What do the petitions actually say?
The Ohio Community Rights Amendment initiative petition states as follows:
This amendment secures the right of local, community self-government for the people of Ohio by guaranteeing local authority to enact laws to protect unalienable rights and the health, safety and welfare of community members and natural ecosystems, free from state preemption or corporate interference. This right includes the power of each Ohioan to act collectively through his or her local government to alter, amend or abolish systems of law and government when they fail to protect or when they directly or indirectly violate the unalienable rights and the health, safety and welfare of community members and natural ecosystems.

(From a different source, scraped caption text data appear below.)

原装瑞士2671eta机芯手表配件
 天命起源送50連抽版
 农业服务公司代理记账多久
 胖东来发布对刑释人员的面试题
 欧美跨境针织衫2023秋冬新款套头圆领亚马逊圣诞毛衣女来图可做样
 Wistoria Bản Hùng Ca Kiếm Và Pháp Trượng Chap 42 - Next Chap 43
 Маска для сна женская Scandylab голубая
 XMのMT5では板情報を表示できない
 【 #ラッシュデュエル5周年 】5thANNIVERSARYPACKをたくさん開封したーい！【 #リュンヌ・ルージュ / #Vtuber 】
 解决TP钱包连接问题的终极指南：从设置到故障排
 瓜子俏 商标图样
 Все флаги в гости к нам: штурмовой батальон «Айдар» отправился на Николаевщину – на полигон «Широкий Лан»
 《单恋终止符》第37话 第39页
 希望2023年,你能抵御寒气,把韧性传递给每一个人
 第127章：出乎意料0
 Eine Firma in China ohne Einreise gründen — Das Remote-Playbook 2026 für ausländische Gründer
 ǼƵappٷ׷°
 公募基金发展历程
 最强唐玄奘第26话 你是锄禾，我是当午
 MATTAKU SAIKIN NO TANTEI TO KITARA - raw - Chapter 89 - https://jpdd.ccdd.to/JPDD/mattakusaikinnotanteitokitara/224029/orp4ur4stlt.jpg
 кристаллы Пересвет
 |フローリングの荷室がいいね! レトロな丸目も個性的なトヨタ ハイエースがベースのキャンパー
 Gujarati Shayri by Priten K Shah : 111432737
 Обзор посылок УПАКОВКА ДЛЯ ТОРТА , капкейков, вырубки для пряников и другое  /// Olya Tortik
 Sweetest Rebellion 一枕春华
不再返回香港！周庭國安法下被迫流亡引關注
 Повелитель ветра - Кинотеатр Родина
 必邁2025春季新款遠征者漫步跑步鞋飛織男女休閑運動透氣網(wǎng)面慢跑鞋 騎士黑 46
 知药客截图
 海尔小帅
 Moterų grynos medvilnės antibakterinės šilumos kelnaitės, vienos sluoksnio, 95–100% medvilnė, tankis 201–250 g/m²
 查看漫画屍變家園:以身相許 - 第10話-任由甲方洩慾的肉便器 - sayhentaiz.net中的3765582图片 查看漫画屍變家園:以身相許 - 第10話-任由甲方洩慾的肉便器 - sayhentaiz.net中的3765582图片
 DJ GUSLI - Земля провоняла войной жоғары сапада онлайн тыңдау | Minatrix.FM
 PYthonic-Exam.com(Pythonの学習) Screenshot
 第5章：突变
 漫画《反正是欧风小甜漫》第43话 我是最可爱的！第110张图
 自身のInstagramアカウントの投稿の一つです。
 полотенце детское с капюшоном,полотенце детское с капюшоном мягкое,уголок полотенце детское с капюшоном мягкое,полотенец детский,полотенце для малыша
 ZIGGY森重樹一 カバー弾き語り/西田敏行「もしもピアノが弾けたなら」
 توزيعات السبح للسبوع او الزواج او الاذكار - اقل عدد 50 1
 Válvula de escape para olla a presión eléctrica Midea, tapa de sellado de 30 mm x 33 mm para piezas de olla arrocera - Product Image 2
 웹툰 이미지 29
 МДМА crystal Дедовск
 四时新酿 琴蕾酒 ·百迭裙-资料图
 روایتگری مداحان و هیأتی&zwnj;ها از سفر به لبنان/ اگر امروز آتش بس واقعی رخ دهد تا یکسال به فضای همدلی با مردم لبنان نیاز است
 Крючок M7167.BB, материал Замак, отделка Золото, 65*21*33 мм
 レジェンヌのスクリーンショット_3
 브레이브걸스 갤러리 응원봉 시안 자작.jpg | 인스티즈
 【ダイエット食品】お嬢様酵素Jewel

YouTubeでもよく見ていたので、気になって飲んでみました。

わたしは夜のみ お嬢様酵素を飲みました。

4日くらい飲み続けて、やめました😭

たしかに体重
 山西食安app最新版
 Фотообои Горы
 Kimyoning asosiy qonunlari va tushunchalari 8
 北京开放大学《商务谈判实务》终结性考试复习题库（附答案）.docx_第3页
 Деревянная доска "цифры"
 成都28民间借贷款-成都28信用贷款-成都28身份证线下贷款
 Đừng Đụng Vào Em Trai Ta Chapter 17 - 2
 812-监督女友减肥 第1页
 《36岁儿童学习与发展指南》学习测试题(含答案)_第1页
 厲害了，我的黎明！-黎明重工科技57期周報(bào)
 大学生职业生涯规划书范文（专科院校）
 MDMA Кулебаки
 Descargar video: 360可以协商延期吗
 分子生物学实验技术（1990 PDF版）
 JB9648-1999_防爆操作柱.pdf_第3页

Following adoption of this proposed amendment, the right of local community self-government will be exercised through the adoption of county and municipal laws either directly by the people of those communities through the initiative process or by their local elected representatives on behalf of the people of the community. Under this amendment, State laws won’t have the power or authority to preempt or overturn local laws enacted to protect the rights of community members and the local ecosystem. Claimed corporate “rights” will not be able to override the rights protected by the exercise of the right of local community self-government. Local laws enacted pursuant to this amendment will not be valid if they violate or diminish the rights of natural persons or ecosystems, nor will they be valid if they reduce established protections in law for natural persons or ecosystems.
The Initiative and Referendum Amendment for Counties and Townships initiative petition statesas follows:
This amendment establishes a right of initiative and referendum powers to residents of counties and townships, just as residents in Ohio municipalities have possessed since 1912.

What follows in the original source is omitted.